This time of year is always an outstanding point in the growing calendar here at Eden. Not just because this morning during the daily round of feeding the chickens letting them out of their house and then checking on all the other animals, I plucked and ate fresh ripe peaches from one of our many peach trees.
Also because this is the peak of the growing season for all the other produce too, we have harvested the main crop of potatoes Fiona and one of our interns are picking and preserving in one way or another every day of the week at the moment.
Peaches are halved and bottled, made in to jam or dried for later use, or we eat them fresh off the tree, cut up and eaten with yoghurt for breakfast or made in to a desert like peach crumble for dinner.
Tomatoes are eaten fresh, used in cooked dishes, bottled ,roasted and bottled, or made in to sauce and bottled. We will still be eating these bottled tomatoes well in to next year, sharing them with our apprentices and students as they arrive throughout the year.
Courgettes, aubergines ,peppers, onions and more tomatoes along with fresh garden herbs are combined to make ratatouille, some for immediate consumption and excess bottled ready for the long winter evenings, when summer abundance is both a memory and an anticipated future event.

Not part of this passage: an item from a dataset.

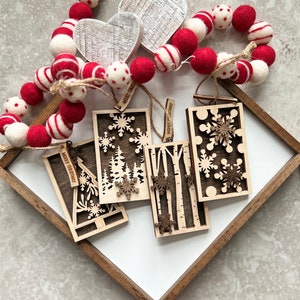 May include: Four wooden Christmas ornaments with laser cut designs of trees, snowflakes, and birch trees. Each ornament has a small tag with the text "Merry Christmas" on it. The ornaments are displayed on a white surface with a wooden frame.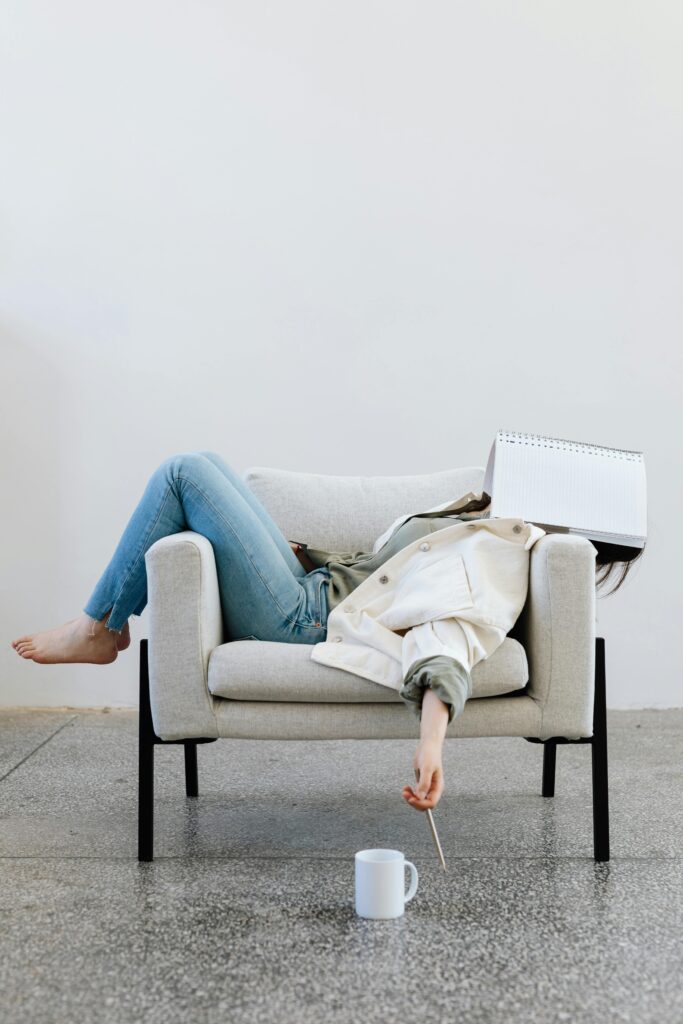 woman burns out reclined in a chair with notebook over her face in defeat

With most of the pumpkins yet to fully ripen they are still only used fresh from the garden in soups, stews or roasted along with potatoes for dinner. Later they will be steamed and bottled, roasted and bottled or made in to soups and bottled.
With yet still more produce to mention chard, cabbages, kales, beats and carrots, some for now and some for later.
Oh and did I mention the apples? we should never forget the humble apple in all its varieties and variations of flavour and colour, just one a day will keep the doctor away.
The bottled abundance of Eden, Fiona has been bottling for many years now and since arriving in France we have been collecting second-hand jars to fill with the summer gluts of produce that good design provide. This year Fiona and the interns have exceeded present jar capacity of 150 litre jars so we have been out buying yet more pre-owned, adding another 30 jars. Looking at the garden this morning its telling us clearly we should keep on looking and buying if we are to store its abundance this year and avoid wasting any.